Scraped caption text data
################
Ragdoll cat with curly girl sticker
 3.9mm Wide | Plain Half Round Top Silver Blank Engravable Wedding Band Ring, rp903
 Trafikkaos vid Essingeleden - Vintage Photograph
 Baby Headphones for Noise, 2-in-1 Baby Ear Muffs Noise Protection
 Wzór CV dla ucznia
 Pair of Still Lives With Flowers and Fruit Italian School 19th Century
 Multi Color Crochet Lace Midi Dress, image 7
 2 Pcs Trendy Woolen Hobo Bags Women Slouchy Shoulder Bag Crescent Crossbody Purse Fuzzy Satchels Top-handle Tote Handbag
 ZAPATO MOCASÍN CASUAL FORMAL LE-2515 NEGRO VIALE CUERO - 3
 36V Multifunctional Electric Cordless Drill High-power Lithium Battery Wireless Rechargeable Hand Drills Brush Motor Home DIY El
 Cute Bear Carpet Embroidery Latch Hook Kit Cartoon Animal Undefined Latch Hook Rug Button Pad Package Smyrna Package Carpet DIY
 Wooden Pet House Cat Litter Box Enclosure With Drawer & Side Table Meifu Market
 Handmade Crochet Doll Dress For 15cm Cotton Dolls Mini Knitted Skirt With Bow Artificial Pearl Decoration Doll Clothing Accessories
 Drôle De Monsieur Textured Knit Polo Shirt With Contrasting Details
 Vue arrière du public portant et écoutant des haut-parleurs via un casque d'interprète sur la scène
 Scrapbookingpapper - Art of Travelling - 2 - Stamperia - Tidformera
################
■ Required action
Go through the records above and copy each line where "Crochet" is found.

■ Solved problem
 Multi Color Crochet Lace Midi Dress, image 7
 Handmade Crochet Doll Dress For 15cm Cotton Dolls Mini Knitted Skirt With Bow Artificial Pearl Decoration Doll Clothing Accessories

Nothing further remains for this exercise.